### MATERIAL PROVIDED:
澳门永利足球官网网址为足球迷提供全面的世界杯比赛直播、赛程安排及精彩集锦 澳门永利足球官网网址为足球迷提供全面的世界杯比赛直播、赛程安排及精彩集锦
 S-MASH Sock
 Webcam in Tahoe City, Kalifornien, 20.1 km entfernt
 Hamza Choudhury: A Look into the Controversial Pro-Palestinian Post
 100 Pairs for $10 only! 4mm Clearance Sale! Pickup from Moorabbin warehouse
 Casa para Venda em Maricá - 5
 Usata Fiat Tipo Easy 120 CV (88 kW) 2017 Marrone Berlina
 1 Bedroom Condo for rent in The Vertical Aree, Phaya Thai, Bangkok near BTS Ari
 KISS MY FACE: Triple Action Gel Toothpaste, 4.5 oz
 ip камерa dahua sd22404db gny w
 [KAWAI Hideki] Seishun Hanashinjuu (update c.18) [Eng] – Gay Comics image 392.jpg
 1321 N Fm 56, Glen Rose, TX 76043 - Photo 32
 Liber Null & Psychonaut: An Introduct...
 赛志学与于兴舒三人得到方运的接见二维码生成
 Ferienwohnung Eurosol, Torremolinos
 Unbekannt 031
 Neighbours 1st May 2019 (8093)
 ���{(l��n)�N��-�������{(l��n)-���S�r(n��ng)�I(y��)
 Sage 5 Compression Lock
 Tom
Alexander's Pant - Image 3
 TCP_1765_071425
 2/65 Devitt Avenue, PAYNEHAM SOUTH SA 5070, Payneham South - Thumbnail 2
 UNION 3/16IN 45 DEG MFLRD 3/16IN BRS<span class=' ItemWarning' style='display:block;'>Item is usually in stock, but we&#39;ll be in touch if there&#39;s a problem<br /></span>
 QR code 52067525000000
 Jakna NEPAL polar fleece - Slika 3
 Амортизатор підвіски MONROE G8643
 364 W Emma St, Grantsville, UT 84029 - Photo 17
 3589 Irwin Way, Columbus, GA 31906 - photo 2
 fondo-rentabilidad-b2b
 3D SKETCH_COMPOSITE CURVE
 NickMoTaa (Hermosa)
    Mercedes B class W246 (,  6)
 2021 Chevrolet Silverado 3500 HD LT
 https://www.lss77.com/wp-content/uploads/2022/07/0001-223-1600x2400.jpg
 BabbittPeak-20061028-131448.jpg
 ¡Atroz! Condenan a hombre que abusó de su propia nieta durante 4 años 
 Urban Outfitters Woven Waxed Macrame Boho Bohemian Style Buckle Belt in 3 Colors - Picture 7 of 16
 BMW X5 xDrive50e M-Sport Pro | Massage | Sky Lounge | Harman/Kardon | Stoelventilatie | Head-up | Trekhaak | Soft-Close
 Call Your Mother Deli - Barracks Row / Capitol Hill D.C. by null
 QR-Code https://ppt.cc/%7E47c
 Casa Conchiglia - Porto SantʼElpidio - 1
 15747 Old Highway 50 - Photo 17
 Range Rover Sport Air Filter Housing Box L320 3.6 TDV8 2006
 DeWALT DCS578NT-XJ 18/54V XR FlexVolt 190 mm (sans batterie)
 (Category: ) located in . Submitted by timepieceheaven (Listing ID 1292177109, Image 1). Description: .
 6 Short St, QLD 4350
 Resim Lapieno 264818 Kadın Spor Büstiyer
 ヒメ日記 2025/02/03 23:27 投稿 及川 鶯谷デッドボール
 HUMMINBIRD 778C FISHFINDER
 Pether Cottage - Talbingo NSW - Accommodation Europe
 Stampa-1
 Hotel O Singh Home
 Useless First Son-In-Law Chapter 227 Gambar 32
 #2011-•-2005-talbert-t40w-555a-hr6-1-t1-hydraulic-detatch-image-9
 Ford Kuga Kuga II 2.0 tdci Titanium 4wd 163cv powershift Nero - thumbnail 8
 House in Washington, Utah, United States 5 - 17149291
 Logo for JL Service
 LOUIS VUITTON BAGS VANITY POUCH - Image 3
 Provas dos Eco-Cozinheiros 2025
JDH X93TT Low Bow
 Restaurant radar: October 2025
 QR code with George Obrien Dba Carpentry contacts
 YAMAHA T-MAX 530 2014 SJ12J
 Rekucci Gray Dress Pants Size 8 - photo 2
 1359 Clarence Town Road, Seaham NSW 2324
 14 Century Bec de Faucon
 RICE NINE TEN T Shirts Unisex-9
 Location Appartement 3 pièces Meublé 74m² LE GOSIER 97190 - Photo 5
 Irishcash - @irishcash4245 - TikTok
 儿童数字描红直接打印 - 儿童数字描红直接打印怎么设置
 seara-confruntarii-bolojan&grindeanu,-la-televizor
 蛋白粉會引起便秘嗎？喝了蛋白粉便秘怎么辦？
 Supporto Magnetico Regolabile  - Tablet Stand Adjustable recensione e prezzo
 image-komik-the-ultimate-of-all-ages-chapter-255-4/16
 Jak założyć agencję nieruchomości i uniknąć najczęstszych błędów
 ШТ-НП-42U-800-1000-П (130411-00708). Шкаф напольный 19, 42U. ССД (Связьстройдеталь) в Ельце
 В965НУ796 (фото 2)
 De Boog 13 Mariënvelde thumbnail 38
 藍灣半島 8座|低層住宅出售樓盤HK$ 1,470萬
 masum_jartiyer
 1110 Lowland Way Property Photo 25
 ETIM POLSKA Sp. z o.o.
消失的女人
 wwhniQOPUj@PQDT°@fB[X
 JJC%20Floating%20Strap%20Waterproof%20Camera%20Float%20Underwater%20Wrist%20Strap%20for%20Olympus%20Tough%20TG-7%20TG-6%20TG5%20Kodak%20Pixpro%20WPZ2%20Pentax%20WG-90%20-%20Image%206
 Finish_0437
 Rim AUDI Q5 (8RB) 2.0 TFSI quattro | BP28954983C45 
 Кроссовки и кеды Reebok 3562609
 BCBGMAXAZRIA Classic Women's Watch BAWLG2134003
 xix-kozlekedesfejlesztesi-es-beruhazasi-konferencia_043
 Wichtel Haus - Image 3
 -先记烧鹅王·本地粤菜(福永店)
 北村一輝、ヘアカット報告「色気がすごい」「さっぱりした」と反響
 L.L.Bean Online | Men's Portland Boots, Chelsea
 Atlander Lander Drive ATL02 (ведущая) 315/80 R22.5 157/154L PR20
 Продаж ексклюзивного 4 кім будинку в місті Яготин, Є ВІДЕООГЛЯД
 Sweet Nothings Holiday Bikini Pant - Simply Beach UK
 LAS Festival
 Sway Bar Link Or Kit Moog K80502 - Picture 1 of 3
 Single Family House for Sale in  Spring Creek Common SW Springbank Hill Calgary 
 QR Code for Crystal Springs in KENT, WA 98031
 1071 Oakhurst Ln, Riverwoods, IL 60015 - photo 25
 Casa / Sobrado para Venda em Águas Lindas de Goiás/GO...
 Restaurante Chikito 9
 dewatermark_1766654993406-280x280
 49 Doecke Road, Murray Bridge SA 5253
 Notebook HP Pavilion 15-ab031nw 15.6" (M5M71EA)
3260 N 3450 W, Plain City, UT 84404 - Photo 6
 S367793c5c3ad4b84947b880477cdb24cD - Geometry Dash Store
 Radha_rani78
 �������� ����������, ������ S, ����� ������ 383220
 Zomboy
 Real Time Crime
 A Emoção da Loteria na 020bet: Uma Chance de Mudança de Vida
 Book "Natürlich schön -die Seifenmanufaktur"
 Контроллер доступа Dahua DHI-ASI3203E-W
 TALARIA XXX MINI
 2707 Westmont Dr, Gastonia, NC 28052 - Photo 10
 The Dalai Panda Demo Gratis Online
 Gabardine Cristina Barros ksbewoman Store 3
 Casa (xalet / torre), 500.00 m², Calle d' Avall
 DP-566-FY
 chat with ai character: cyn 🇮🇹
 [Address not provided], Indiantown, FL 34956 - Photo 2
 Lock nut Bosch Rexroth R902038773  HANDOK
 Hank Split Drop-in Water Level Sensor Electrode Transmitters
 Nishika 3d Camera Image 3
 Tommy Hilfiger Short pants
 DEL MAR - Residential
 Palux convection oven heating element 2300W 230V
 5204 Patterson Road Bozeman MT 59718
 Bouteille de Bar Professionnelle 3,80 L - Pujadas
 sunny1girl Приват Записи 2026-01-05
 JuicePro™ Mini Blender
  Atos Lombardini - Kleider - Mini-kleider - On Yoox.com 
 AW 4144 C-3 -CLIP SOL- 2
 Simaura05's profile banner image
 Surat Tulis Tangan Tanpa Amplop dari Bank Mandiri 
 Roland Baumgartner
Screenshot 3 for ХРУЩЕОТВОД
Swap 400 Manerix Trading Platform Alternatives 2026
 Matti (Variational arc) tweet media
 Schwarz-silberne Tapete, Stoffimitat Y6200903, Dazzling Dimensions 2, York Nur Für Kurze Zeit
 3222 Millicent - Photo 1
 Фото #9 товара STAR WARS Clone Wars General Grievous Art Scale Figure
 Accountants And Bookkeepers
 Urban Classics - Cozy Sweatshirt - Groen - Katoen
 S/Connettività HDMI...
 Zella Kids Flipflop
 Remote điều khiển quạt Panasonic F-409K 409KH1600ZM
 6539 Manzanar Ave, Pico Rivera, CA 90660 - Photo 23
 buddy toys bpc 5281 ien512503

### PROBLEM TO WORK ON:
Set the lines down exactly, from the first line of the records to the line where "Ferienwohnung Eurosol, Torremolinos" appears, with both ends kept.

### SOLUTION TO THIS PROBLEM:
澳门永利足球官网网址为足球迷提供全面的世界杯比赛直播、赛程安排及精彩集锦 澳门永利足球官网网址为足球迷提供全面的世界杯比赛直播、赛程安排及精彩集锦
 S-MASH Sock
 Webcam in Tahoe City, Kalifornien, 20.1 km entfernt
 Hamza Choudhury: A Look into the Controversial Pro-Palestinian Post
 100 Pairs for $10 only! 4mm Clearance Sale! Pickup from Moorabbin warehouse
 Casa para Venda em Maricá - 5
 Usata Fiat Tipo Easy 120 CV (88 kW) 2017 Marrone Berlina
 1 Bedroom Condo for rent in The Vertical Aree, Phaya Thai, Bangkok near BTS Ari
 KISS MY FACE: Triple Action Gel Toothpaste, 4.5 oz
 ip камерa dahua sd22404db gny w
 [KAWAI Hideki] Seishun Hanashinjuu (update c.18) [Eng] – Gay Comics image 392.jpg
 1321 N Fm 56, Glen Rose, TX 76043 - Photo 32
 Liber Null & Psychonaut: An Introduct...
 赛志学与于兴舒三人得到方运的接见二维码生成
 Ferienwohnung Eurosol, Torremolinos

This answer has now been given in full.